Also remember that you can make some mooks to drop food after you beat them, mind you the food dropped it's random so odds are that u get a simple chewing gum or the best to get a burger. Sometimes u can make the hardest mook of a wave to drop a food item so you can keep up with the next round.

As for point items those are more for fun or to accumulate extra life. Some valuable items like the gold bars or the extra lives can be hidden behind some layers which can give this extra trick feeling.

Also, if there's a certain difficult and long stage coming, you could place mid way an extra police to give some help (of course, this makes no sense if you do it in a stage with the police calls restricted since the hero characters can't call the police).

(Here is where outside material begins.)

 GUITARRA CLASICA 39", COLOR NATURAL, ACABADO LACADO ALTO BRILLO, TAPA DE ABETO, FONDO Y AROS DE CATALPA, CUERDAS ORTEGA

- Play with your environment. SORmaker has tons of extras and events that can your stage look richer and interesting. From the simple appearance elements such a littered cans on the floor, flying birds, garbage flying, fog, rain, thunders, etc. to features that can affect the gameplay like slippery floor, endless drum cans dropping, explosions, fire on the floor, etc.

Recreate your stage according to your scripted story and the situation, also remember that placing items like health items, point items and containers can also decor your stage (in example, make a hobo party placing a flame event, surrounded by breakable boxes where Slums and Signals would be sitting on, some Soozies and Galvices jamming with the music, place Cokes and Cocktails drinks (consumable items) around them, a Boombox point item, some Bottle weapon items around and some littered cans around them with the Extra feature and there you go! You can go and crash the party literally!)

Here's the example how it would look like:

...and here crashing the party (and paying for it), lol, happy happy joy joy.... *trollface*

(Sorry, took one of the stages from the Rage in Time mod as an example only, I won't plan to use it like this).
You guys feel free also to contribute with tips, I'll post some more.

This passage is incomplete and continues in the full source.